Theorem 6.7.1 (Taylor's theorem)   If $\vert f^{(N+1)}(x)\vert \leq M$ for $\vert x-a\vert\leq d$, then

$$\vert R_N(x)\vert \leq \frac{M}{(N+1)!} \vert x-a\vert^{N+1}$$   for $|x-a|&le#leq;d$.

For example, if $N=0$, this says that

$$\vert R(x)\vert = \vert f(x)-f(a)\vert \leq M \vert x-a\vert,$$

i.e.,

$$\left\vert\frac{f(x) - f(a)}{x-a}\right\vert \leq M,$$

which should look familiar from a previous class (Mean Value Theorem).

Applications:

1. One can use Theorem  to prove that functions converge to their Taylor series.

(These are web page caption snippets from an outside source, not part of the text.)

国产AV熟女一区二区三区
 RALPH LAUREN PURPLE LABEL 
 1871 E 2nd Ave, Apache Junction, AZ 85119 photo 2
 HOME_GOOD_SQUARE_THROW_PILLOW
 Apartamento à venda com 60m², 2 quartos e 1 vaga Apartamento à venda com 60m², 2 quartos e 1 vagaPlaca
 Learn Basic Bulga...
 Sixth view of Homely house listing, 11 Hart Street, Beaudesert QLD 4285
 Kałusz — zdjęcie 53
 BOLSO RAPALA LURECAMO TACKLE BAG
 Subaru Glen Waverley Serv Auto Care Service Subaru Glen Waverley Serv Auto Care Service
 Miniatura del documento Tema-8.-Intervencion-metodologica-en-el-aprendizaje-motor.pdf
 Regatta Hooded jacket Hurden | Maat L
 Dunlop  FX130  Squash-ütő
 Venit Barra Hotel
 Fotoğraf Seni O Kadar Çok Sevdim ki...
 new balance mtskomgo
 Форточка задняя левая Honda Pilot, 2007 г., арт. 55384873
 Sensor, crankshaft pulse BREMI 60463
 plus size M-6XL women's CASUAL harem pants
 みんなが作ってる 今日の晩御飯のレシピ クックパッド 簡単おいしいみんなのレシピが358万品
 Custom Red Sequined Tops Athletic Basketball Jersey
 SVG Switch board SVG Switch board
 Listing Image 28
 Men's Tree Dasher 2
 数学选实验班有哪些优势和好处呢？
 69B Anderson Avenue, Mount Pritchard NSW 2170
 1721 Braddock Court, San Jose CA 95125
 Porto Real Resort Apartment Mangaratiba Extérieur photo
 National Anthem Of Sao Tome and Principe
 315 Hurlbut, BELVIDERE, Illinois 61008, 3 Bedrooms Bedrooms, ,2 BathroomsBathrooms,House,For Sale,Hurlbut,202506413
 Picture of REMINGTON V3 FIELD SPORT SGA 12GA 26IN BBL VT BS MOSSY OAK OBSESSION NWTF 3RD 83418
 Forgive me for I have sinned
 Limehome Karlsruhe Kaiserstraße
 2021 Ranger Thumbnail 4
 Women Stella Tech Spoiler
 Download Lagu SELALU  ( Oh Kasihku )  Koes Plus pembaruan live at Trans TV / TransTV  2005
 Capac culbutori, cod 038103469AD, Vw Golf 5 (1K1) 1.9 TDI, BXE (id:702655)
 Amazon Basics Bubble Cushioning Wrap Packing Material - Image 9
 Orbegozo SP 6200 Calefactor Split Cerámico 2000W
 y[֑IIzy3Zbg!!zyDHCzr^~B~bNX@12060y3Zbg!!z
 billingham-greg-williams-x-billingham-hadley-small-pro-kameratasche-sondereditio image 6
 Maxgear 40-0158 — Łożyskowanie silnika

2. Returning to the relativity example above, we apply Taylor's theorem with $N=1$ and $a=0$. With $x=-v^2/c^2$ and $M$ any number such that $\vert f''(x)\vert\leq M$, we have
   $$\vert R_1(x)\vert \leq \frac{M}{2}x^2.$$
   For example, if we assume that $\vert v\vert\leq 100m/s$ we use
   $$\vert f''(x)\vert \leq \frac{3}{2}(1-100^2/c^2)^{-5/2} = M.$$

   Using $c=3\times 10^8 m/s$, we get

   $$\vert R_1(x)\vert \leq 4.17 \cdot 10^{-10} \cdot m_0.$$
   Thus for $v\leq 100m/s \sim 225$   mph, then the error in throwing away relativistic factors is $10^{-10} m_0$. This is like 200 feet out of the distance to the sun (93 million miles). So relativistic and Newtonian kinetic energies are almost the same for reasonable speeds.